> _WORK REQUEST_: Begin the copy at the line containing "A spacious covered" in the data below and end it at the line containing "A wooden box", keeping each line exact and leaving out pictures.

======== STUDY MATERIAL ========

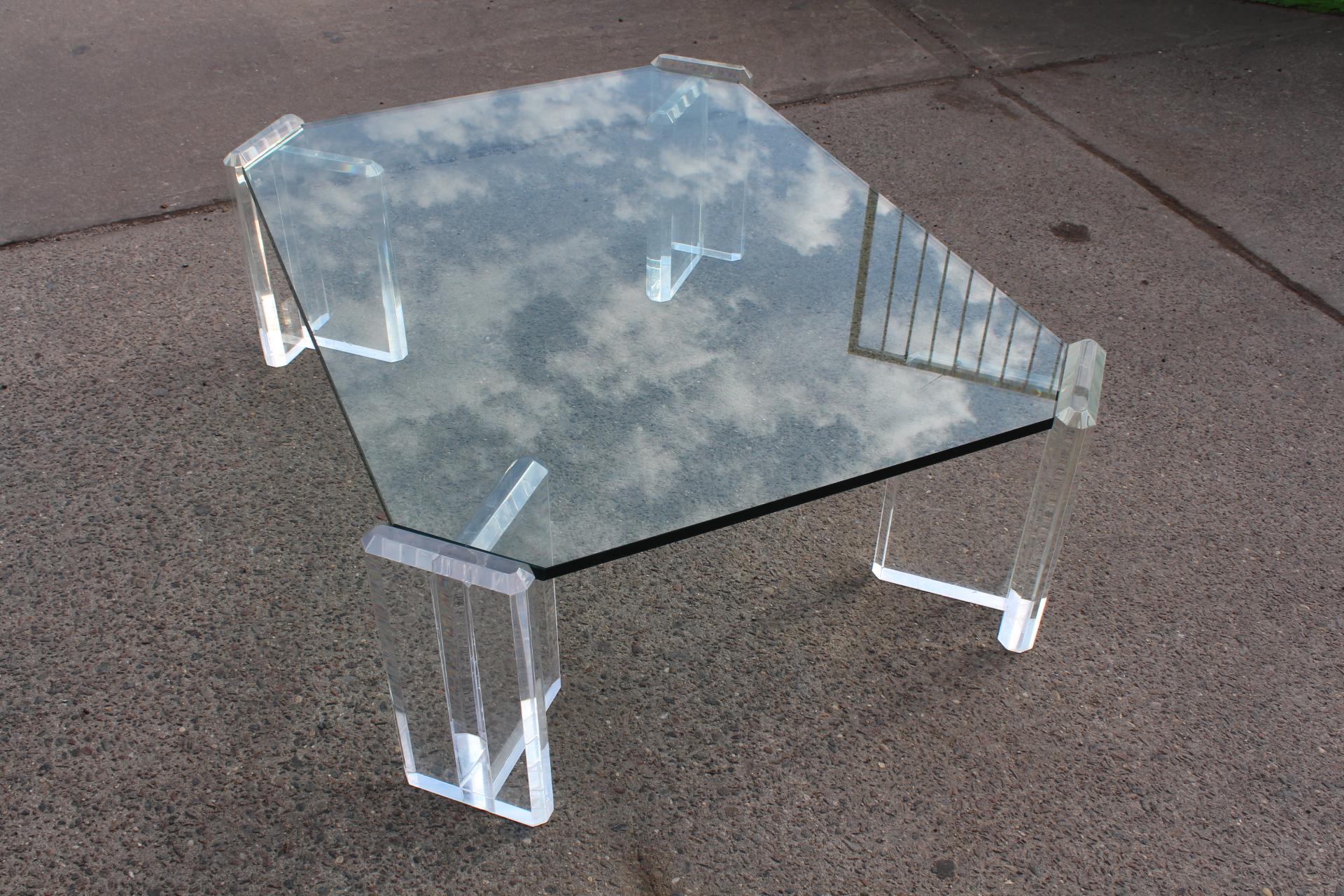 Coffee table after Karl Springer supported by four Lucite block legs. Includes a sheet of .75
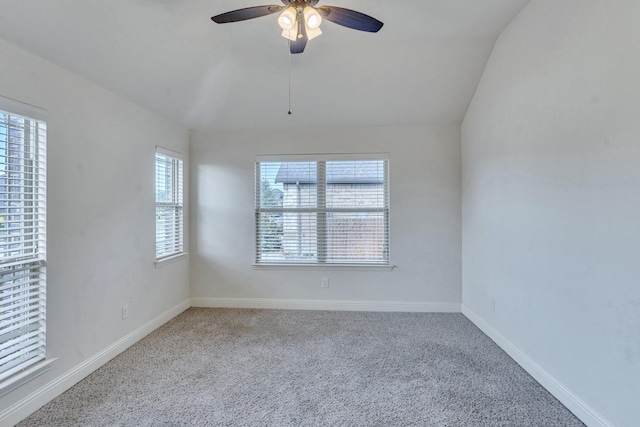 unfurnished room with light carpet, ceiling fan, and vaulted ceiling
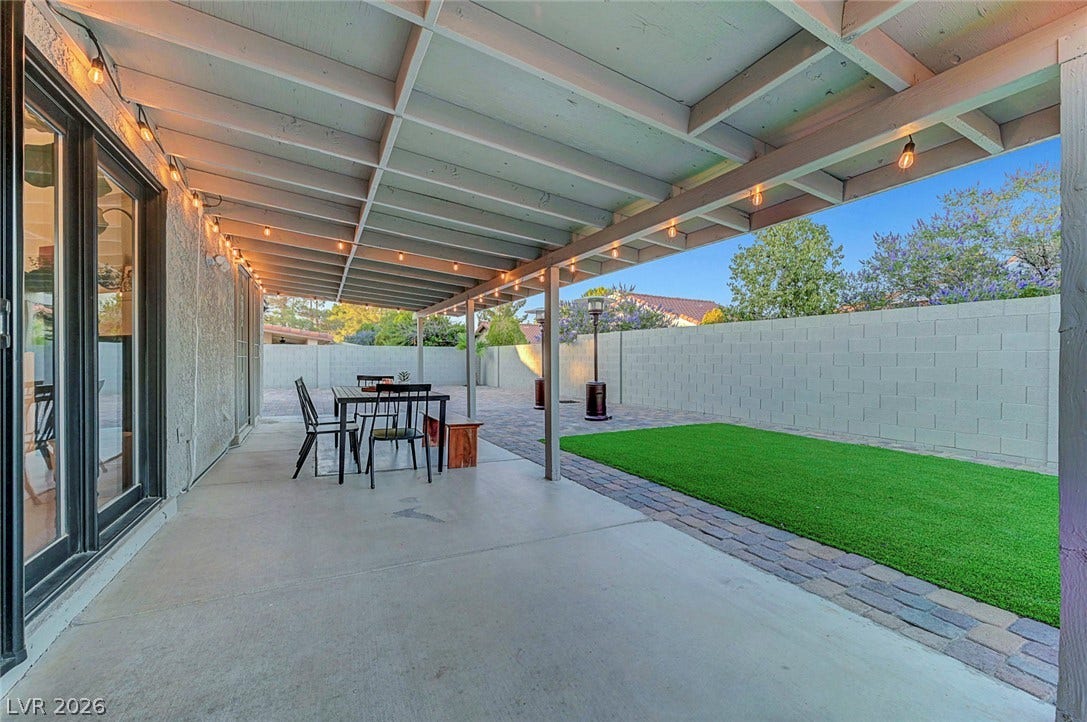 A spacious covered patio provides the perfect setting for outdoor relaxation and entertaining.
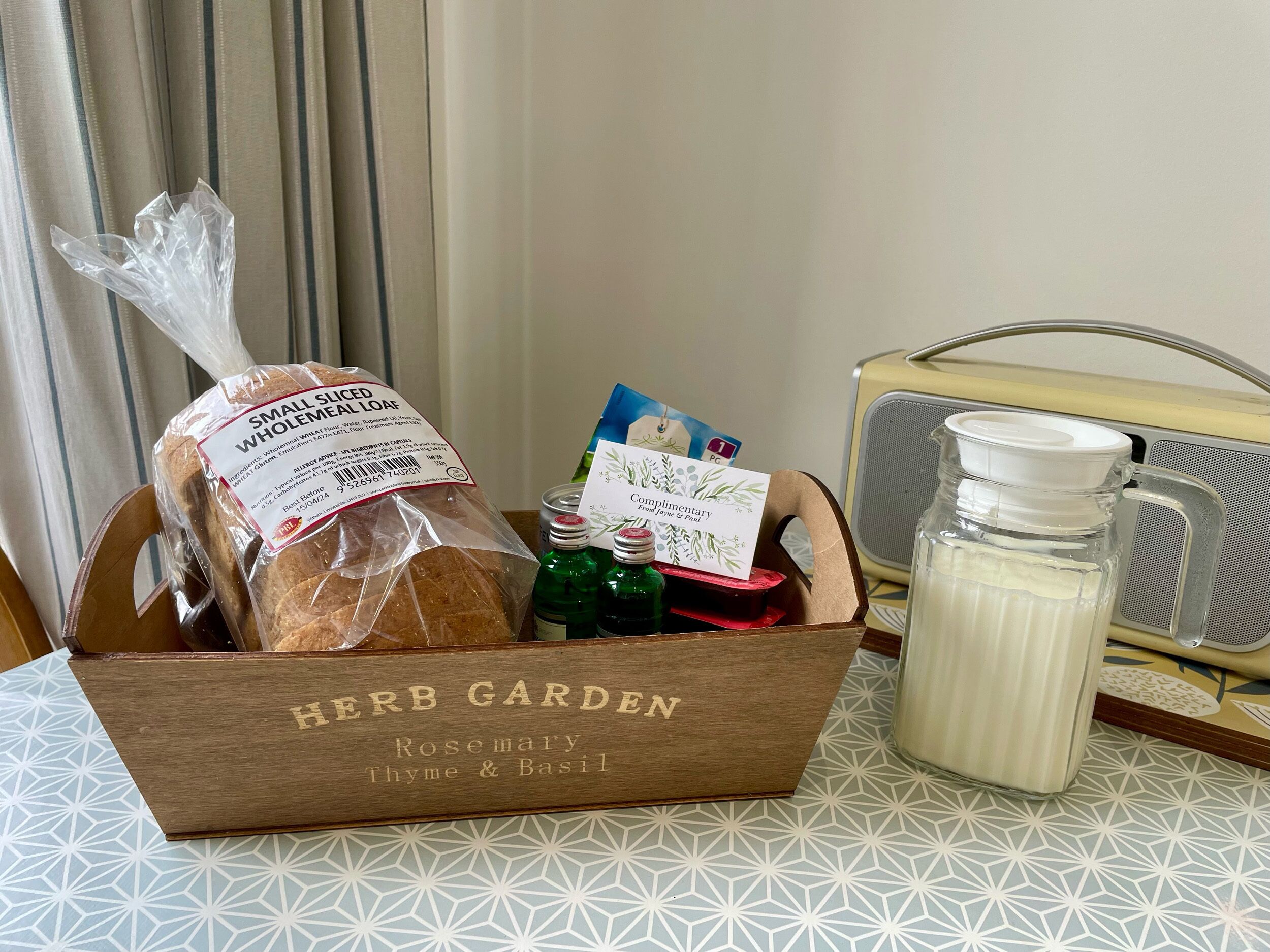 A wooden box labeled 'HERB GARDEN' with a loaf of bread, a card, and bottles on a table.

========
======== STUDY MATERIAL ========

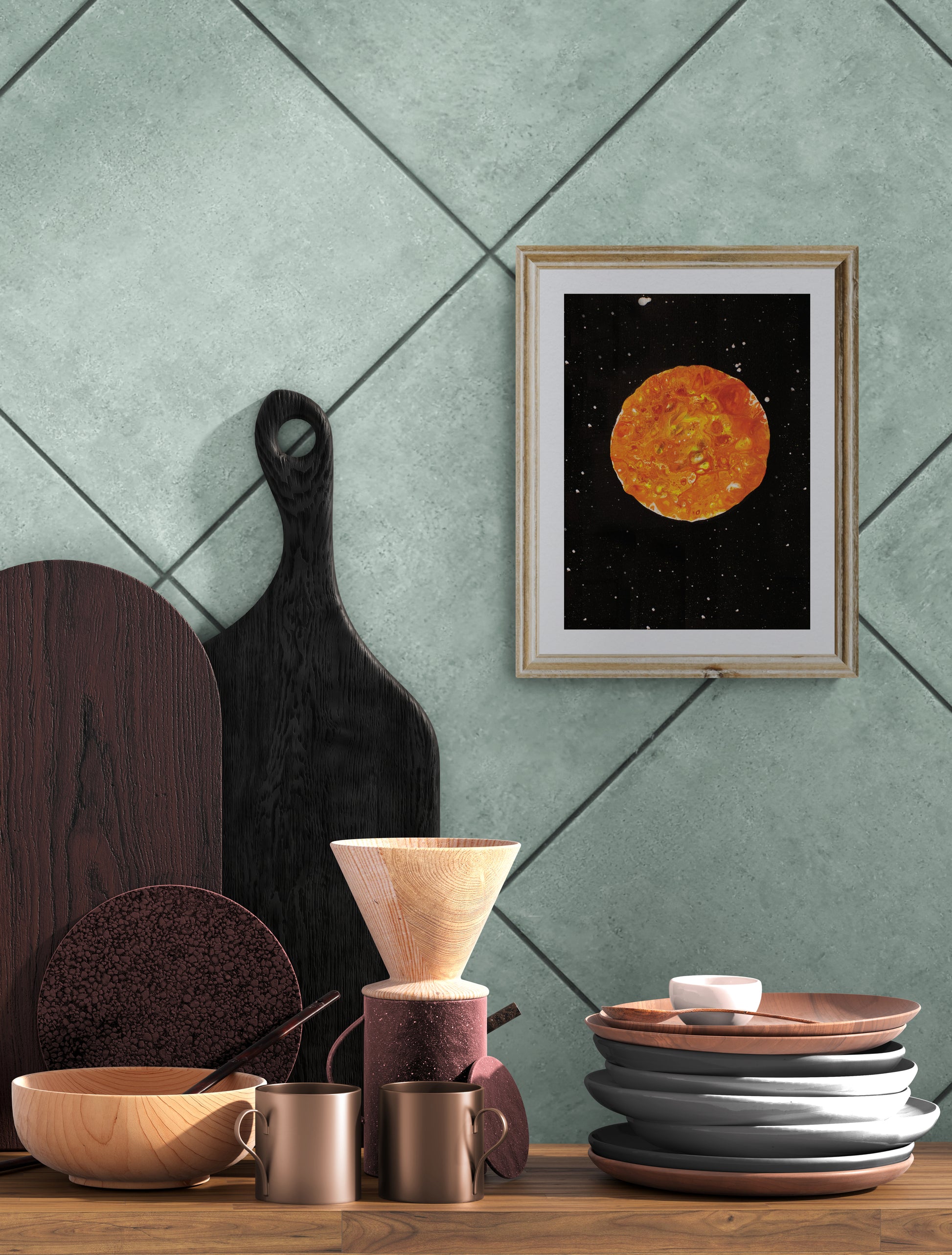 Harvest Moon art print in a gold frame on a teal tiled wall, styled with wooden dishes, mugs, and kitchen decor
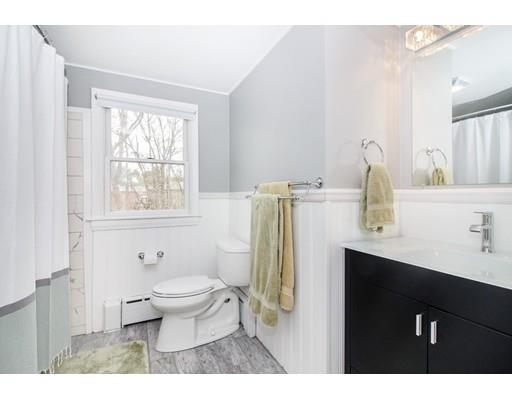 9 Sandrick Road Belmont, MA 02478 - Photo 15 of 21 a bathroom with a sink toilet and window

========
======== STUDY MATERIAL ========

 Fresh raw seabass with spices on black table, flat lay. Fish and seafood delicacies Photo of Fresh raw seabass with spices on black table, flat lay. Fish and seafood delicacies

========

> _YOUR SOLUTION_:
 A spacious covered patio provides the perfect setting for outdoor relaxation and entertaining.
 A wooden box labeled 'HERB GARDEN' with a loaf of bread, a card, and bottles on a table.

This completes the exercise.